Can someone prove the triangle inequality for the following $d$?

81 Views Asked by At

Consider a function $d:\mathbb{R}^2 \times \mathbb{R}^2\rightarrow \left[ 0 , \infty \right)$ that is defined as following. \begin{equation} \forall x_1,x_2 \in \mathbb{R}^2, \quad d(x_1, x_2)=\min_{0\le \alpha_1 ,\alpha_2 \le 1} {\left( \left(\alpha_1 +\alpha_2\right)s+\left\| x_1'- x_2' \right\|_p \right)} \text{ where } s\ge 0, \, p\ge 1, x_i'=(1-\alpha_i)x_i+\alpha_i x_i^* \text{ and } x_i^*=\begin{bmatrix} 0& 1 \\ 1 & 0 \end{bmatrix} x_i\, (\text{i.e. switching 1st and 2nd elements}) \text{ for } i \in \left\{ 1,2 \right\}. \end{equation}

The idea of $d$ is to define a new (generalized) metric from $\left\| \cdot \right\|_p$ (lp norm) so that it allows shortcuts with penalty parameter $s$.

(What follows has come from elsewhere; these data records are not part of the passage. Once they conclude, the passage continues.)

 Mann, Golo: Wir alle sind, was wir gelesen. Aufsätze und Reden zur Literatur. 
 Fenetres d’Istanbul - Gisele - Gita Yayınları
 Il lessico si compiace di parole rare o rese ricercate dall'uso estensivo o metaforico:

I tried to prove that $d$ satisfies the triangle inequality (i.e. $d(x_1, x_3)\le d(x_1, x_2)+d(x_2, x_3)$ for $x_1,x_2,x_3 \in \mathbb{R}^2$), but I failed it.

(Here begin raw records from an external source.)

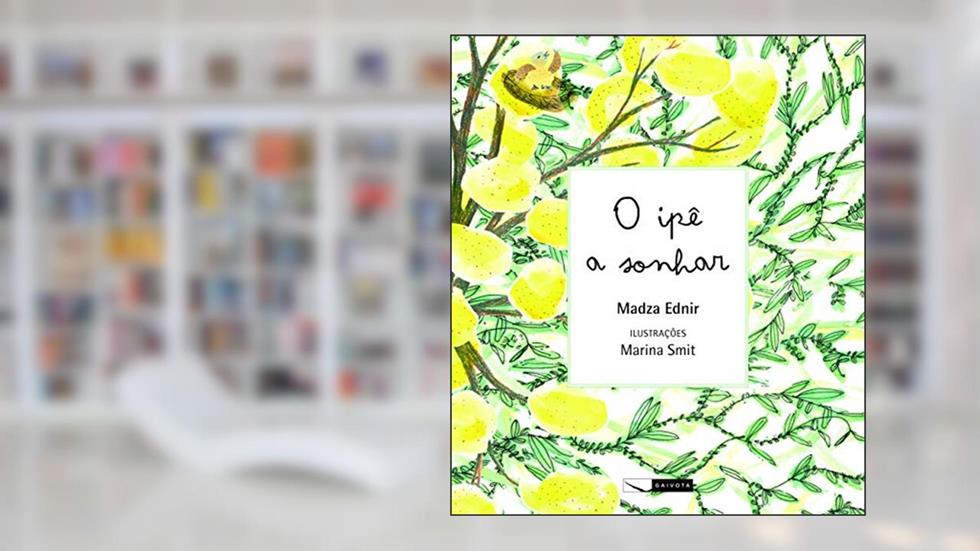 O ipê a sonhar, do autor Madza Ednir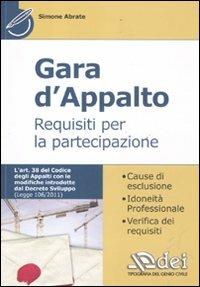 Gara d'appalto. Requisiti per la partecipazione - Simone Abrate - Libro DEI 2011 | Libraccio.it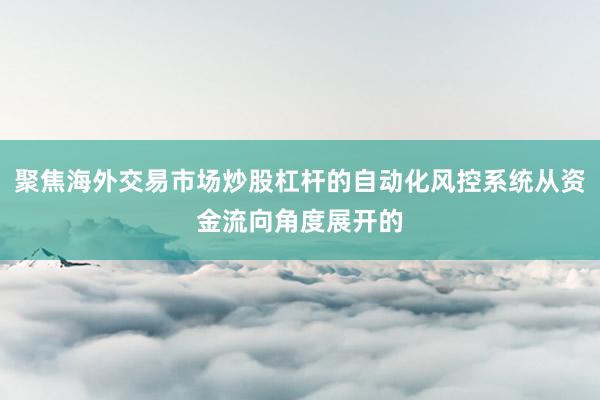 聚焦海外交易市场炒股杠杆的自动化风控系统从资金流向角度展开的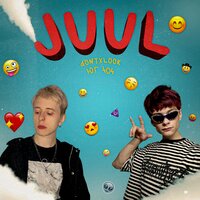 Juul - ЮГ 404 & dontxlook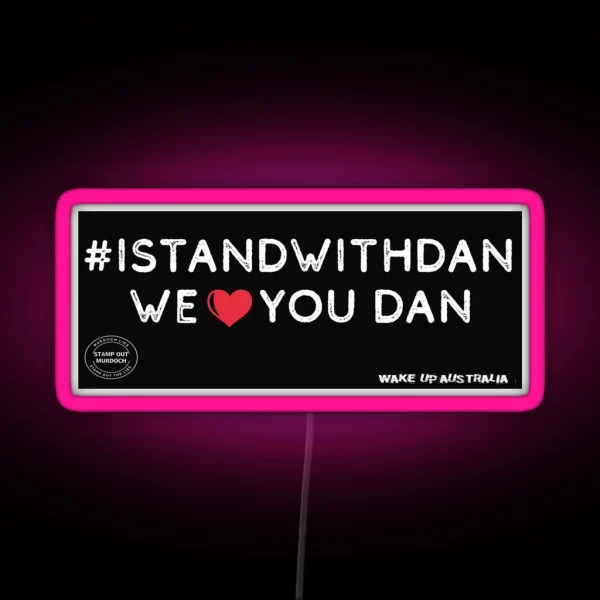 I Stand With Dan RGB Neon Sign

(Some rephrased equations that I found: $x_1'- x_2'=x_1- x_2+ \alpha_1(x_1^*- x_1)-\alpha_2 (x_2^*- x_2)$,

$x_i^*- x_i= \frac{k_i}{\sqrt{2}} \begin{bmatrix} 1 \\ -1 \end{bmatrix}$ where $k_i= (x_i^*- x_i)^T \ \left(\frac{1}{\sqrt{2}} \begin{bmatrix} 1 \\ -1 \end{bmatrix}\right)$ for $i \in \left\{ 1,2 \right\}$

I can't sure these equations would be helpful for proof, though. )

I tried to pick random samples using Python and check whether it satisfies the inequality. It seems to satisfy the triangle inequality according to my Python experiments.

Can someone prove the triangle inequality (at least for $p=2$)? Or, can you suggest a counter example?

Thank you.

(PS. I came up with the definition $d$ and tried to find literature about similar or same metrics, but I failed. I appreciate if someone tell some related literature if there is any.)